About this task: For the material that follows, state the number of lines where "Fashion" occurs, and add nothing.

Recorded information:
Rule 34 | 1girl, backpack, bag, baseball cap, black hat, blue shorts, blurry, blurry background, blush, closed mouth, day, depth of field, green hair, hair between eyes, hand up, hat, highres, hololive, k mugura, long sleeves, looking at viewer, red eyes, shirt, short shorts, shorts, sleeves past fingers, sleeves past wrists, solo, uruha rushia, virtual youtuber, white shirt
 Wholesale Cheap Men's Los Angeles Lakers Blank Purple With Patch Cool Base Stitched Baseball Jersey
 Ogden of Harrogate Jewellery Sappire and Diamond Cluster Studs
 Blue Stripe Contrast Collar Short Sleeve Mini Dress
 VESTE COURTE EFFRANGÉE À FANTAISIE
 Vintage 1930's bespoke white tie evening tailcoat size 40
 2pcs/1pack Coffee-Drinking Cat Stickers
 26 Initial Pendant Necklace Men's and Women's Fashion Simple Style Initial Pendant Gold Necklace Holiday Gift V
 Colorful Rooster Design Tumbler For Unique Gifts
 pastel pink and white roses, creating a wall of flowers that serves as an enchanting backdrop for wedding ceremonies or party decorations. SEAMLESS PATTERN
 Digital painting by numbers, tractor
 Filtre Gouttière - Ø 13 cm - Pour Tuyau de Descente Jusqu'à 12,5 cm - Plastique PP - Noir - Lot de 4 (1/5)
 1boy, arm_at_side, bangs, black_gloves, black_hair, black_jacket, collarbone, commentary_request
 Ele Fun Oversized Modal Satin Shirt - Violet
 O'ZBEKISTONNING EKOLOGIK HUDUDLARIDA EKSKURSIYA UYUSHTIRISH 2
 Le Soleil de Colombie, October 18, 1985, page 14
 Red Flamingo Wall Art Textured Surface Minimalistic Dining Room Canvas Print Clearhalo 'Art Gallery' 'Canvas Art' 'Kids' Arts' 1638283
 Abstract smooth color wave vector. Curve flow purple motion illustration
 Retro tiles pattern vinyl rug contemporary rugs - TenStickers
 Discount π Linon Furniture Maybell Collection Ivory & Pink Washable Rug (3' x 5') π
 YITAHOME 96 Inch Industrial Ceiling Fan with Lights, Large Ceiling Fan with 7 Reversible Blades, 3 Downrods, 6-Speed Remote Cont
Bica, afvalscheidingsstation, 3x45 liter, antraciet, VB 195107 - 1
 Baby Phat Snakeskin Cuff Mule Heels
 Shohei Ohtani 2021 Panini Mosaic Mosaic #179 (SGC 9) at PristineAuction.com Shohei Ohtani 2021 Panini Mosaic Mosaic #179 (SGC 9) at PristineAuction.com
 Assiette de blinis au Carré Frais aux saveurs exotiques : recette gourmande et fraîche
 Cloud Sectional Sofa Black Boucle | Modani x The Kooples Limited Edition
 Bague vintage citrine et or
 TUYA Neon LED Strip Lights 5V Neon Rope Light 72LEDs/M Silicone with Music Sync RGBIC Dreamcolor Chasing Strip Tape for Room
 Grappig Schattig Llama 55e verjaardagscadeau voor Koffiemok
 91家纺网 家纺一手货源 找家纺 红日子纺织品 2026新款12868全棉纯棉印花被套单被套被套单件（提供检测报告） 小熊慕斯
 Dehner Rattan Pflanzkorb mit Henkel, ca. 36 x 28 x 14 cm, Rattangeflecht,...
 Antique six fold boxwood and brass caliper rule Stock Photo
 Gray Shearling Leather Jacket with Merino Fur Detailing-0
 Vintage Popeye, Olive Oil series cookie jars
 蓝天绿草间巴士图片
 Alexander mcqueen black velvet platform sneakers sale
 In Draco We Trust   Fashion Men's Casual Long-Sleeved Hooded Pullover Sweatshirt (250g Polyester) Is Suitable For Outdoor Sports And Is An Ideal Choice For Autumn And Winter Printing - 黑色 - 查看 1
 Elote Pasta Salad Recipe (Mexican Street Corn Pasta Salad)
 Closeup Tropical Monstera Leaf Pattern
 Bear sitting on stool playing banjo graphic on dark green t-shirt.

Exercise solution: 2